Truman’s style is contrasted with FDR’s. He came into the presidency totally unprepared, but I suspect he did a better job than Roosevelt would have. Roosevelt was too willing to acquiesce to Stalin, whereas Truman stood firm.
One huge difference between Truman and his predecessor was how they dealt with their cabinets. Roosevelt enjoyed causing discord among the cabinet members and watching them bicker. How can you efficiently run a government that way? Truman surrounded himself with a team that would work together. He didn’t ramble on at meetings as FDR had, but got to the point and moved on, to the astonishment of the cabinet members.

Truman didn’t have the formal education expected of a president, but he was widely read, and his very ordinariness is what made him great.

Wednesday, November 22, 2017

Ford Survives Typhoon

My short story, “Typhoon Prompting,” part of The Hope of Christmas, takes place during Typhoon Cobra. The navy’s Pacific combat fleet was caught in a storm that capsized three destroyers. One of them, the Spence, was featured in Wheresoever They May Be.
Among the ships battling the storm was the Monterey, a light aircraft carrier. Among the Monterey’s crew was a young lieutenant, Gerald R. Ford.

Gerald Ford, the jumper on the left, plays basketball on the Monterey's hangar deck.

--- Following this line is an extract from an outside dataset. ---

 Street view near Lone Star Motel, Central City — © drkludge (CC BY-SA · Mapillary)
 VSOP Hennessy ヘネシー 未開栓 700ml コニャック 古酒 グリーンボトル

Ford was one of ten gunnery officers and also served as the ship’s athletic director. During the typhoon, the ship rolled twenty-five degrees, causing him to fall and slide the full width of the flight deck. He managed to catch the two-inch metal rim around the deck with his foot, breaking his momentum and allowing him to land on the narrow catwalk just below the deck.
The airplanes on the Monterey’s flight deck broke loose as the ship pitched and heaved, and were swept overboard. Planes on the hangar deck crashed into each other. Fire broke out. The men raced to drag bombs and torpedoes out of harm’s way and dump them overboard. Smoke funneled into the engine and boiler rooms, forcing crewmen to flee or be asphyxiated. Three of four boilers stopped, and the ship was in danger of losing power.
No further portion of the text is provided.